BREAKING NEWS: IRSD referendum fails by 20 votes
District goes back to the drawing board
On the local level, every vote counts. On Tuesday, Nov. 22, the Indian River School District’s current-expense referendum was defeated by a margin of just 20 votes.
On Wednesday morning, the Sussex County Department of Elections’ unofficial results were 3,321 in favor and 3,341 against. (That was a decrease from the IRSD’s unofficial Tuesday-night count of 3,351 against. The Department of Elections will release the certified results within 16 days.)
“While disappointed, we respect the wishes of our public and the workings of the democratic process,” IRSD Superintendent Susan Bunting said on Tuesday night. “In the coming weeks, we will go back to the drawing board to re-evaluate our needs and formulate strategies to accommodate our rapid growth in student enrollment.”
The proposed 49-cent increase (per $100 of assessed Sussex County property taxes) would raise about $7.35 million in the 2017 tax cycle. Money was proposed to fund student enrollment growth (desks, supplies and new teacher salaries), school safety, technology, textbooks and extracurricular student organizations.
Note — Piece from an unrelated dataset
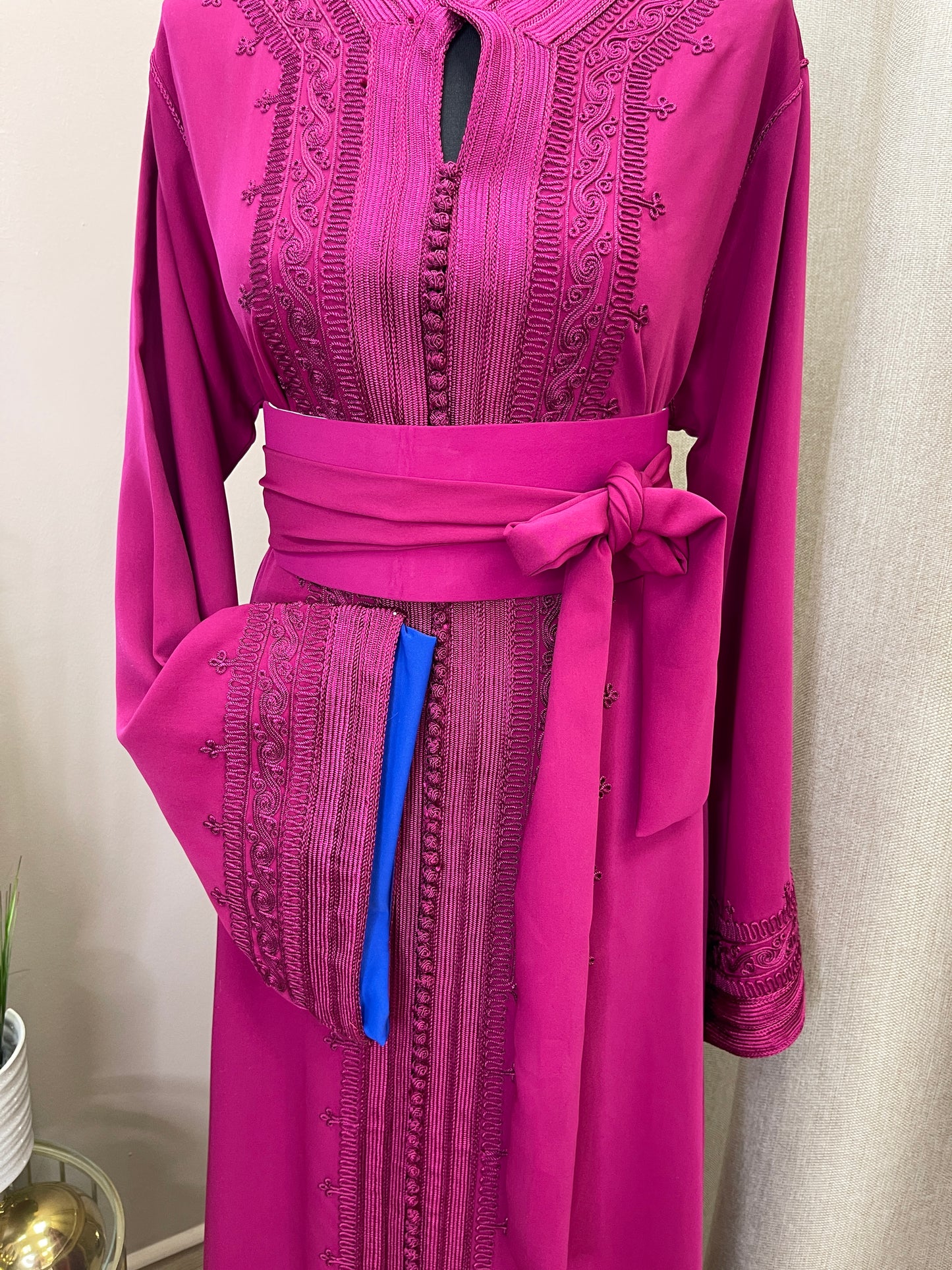 Kaftan mit Kragen AA58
Public support varied among the six polling places, from 40 percent approval rate at Long Neck Elementary to 54 percent approval at East Millsboro Elementary. (Those numbers have not yet been confirmed by the Department of Elections.)
Now, for district officials, it’s time to analyze the numbers and try again.
“Right now, it looks like — particularly in the Long Neck area — we need to do some more work,” Bunting said.
And they can try again. School districts may go to referendum twice per fiscal year. They just need to give the Department of Elections 60 days’ notice.
“The Board of Education will consider many options, including the possibility of another referendum in 2017,” most likely in late January or early February, Bunting said.
The next school board meeting is Monday, Nov. 28, at 7 p.m. at Indian River High School.
If the district cannot get the votes, proposed budget cuts could include the reduction of about 10 percent of staff, or about 150 employees.
The slim voting margin (0.3 percent) could be considered good or bad for the district. On one hand, it’s a bitterly close loss. On the other hand, they only need to convince a small number of people to go out and support the referendum to swing the results to success.
The voter turnout (6,662 voters) was approximately 150 more people than participated in the IRSD’s last referendum. In January of 2013, the public approved both a bond issue to build new classrooms and a new kitchen, and a current-expense issue to provide materials and salaries for those classrooms, by 69 percent and 66 percent, respectively.
Currently, schools are packing in an average of about 320 additional students annually, for the last five years. Those kids need resources, Bunting has said.
In the last two months, the district has already gained about 100 more students from the official Sept. 30 count, meaning they’ve now surpassed 10,500 total students.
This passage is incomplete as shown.